You’re running a load test on infrastructure that mirrors production. Credentials. Permissions. Audit trails. Everything must behave like the real world, not a toy environment. But wiring together IAM Roles and K6 often feels like juggling flaming keys in a wind tunnel. Let’s fix that.
IAM Roles K6 refers to using AWS Identity and Access Management roles directly within your K6 performance testing setup. IAM handles who can do what on AWS resources. K6 blasts your endpoints with simulated users. Connect the two and you get load tests that use real IAM authorization rather than hardcoded secrets. The result is repeatability, compliance, and far fewer awkward calls from security.
At its core, this integration means your test scripts assume predefined IAM roles via short-lived credentials instead of static access keys. When K6 runs load tests against APIs or backend services, each request respects the same access boundaries your production stack enforces. That matters if you are validating end-to-end IAM policies, signing requests with AWS Signature v4, or testing multi-tenant behavior. No human tokens, no lingering secrets, no night-before-release fire drills.

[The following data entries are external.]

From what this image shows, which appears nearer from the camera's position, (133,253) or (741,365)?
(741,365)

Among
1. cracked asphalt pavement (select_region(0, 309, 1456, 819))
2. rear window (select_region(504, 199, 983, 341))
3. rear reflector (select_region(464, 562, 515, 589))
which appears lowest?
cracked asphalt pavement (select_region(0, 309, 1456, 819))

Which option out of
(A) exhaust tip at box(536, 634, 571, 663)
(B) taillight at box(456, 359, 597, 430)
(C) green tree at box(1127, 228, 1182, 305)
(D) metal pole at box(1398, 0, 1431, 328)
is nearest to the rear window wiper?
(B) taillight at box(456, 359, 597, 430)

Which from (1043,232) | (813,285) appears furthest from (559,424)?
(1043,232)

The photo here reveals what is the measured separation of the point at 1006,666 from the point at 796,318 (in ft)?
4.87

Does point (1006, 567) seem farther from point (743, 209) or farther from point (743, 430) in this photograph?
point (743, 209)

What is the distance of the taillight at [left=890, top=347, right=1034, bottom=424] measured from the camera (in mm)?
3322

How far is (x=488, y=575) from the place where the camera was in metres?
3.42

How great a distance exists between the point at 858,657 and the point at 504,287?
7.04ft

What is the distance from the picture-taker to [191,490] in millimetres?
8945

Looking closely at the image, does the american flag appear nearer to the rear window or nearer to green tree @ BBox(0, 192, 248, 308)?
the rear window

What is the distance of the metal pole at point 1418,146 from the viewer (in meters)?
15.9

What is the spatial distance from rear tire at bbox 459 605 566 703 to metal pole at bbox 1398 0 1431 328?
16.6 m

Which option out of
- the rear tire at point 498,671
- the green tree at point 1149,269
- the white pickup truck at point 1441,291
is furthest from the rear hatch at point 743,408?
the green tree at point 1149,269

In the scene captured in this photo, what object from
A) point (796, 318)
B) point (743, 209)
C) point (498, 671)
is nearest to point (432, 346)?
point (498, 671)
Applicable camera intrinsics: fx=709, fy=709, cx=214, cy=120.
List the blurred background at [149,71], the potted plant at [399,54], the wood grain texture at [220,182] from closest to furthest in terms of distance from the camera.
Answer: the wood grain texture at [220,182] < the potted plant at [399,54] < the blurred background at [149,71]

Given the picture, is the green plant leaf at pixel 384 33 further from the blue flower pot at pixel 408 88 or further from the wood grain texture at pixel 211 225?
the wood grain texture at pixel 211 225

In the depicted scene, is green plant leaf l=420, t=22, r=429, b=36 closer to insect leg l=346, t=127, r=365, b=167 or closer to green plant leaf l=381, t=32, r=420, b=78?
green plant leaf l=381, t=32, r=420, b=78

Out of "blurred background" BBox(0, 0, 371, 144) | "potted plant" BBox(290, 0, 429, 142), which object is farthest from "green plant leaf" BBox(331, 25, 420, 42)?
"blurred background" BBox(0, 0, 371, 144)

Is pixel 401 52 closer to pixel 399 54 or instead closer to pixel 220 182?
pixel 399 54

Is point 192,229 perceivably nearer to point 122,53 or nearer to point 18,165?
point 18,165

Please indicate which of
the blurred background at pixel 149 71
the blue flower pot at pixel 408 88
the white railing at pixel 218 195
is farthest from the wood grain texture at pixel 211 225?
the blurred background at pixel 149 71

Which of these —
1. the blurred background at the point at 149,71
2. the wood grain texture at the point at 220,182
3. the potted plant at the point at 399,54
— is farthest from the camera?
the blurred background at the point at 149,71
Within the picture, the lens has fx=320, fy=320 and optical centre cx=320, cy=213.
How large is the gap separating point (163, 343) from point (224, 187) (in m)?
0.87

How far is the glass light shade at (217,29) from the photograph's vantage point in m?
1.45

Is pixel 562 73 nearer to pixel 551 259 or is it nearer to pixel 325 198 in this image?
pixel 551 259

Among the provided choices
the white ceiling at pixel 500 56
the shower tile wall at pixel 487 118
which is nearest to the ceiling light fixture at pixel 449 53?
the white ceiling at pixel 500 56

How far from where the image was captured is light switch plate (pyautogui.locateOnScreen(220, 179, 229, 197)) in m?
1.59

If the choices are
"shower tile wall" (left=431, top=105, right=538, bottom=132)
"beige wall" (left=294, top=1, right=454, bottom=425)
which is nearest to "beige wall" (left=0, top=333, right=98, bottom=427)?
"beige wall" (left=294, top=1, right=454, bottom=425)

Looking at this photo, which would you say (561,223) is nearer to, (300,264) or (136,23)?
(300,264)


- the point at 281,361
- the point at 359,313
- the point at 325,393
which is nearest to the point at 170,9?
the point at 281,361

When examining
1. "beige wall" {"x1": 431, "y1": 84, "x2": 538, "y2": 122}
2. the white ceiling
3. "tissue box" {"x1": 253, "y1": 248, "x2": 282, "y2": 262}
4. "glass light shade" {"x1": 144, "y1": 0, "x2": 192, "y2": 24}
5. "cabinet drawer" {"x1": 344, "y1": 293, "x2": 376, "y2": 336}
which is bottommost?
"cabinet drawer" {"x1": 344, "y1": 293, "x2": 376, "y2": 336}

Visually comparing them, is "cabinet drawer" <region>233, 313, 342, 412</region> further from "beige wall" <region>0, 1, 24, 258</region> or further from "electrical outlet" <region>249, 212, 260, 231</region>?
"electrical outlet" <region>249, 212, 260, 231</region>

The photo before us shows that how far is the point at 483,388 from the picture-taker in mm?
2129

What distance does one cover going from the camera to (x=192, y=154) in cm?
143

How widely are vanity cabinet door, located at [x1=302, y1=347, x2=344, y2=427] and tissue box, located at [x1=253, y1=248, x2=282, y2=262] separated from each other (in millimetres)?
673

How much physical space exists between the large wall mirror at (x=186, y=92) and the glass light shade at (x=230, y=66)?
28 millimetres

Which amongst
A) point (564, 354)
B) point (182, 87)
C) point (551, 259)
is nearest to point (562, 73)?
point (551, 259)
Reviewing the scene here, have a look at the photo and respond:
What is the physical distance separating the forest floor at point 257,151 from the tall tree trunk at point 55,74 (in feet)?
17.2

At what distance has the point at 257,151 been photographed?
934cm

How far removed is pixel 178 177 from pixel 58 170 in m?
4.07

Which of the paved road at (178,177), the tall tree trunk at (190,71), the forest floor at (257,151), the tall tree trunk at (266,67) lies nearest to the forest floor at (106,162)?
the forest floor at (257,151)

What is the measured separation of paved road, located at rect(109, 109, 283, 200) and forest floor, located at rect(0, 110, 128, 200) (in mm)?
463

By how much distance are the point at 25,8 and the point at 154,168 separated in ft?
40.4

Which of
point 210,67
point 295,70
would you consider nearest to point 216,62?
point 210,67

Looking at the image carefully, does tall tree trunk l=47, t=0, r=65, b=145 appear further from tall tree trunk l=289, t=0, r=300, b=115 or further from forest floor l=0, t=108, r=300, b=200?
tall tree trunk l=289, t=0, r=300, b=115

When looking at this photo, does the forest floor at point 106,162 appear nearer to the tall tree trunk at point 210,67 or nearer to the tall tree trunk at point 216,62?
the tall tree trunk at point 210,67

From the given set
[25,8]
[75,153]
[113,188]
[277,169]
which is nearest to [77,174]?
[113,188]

To set it up conceptually, treat K6 as a trusted principal. Assign it a limited IAM role that grants just enough privilege to perform the calls you want to test. Your CI runner or containerized test environment authenticates via that role using an identity provider like Okta, AWS SSO, or OIDC. K6 picks up credentials from those environment variables automatically. The flow feels native because it is. No JSON keys taped under your keyboard.
Be deliberate with scope. Create IAM policies that follow least privilege. Rotate roles or temporary sessions frequently. Track usage through CloudTrail or your observability tool of choice. When something breaks, expired tokens are the usual suspects. Renew or fetch fresh session credentials before your next batch test.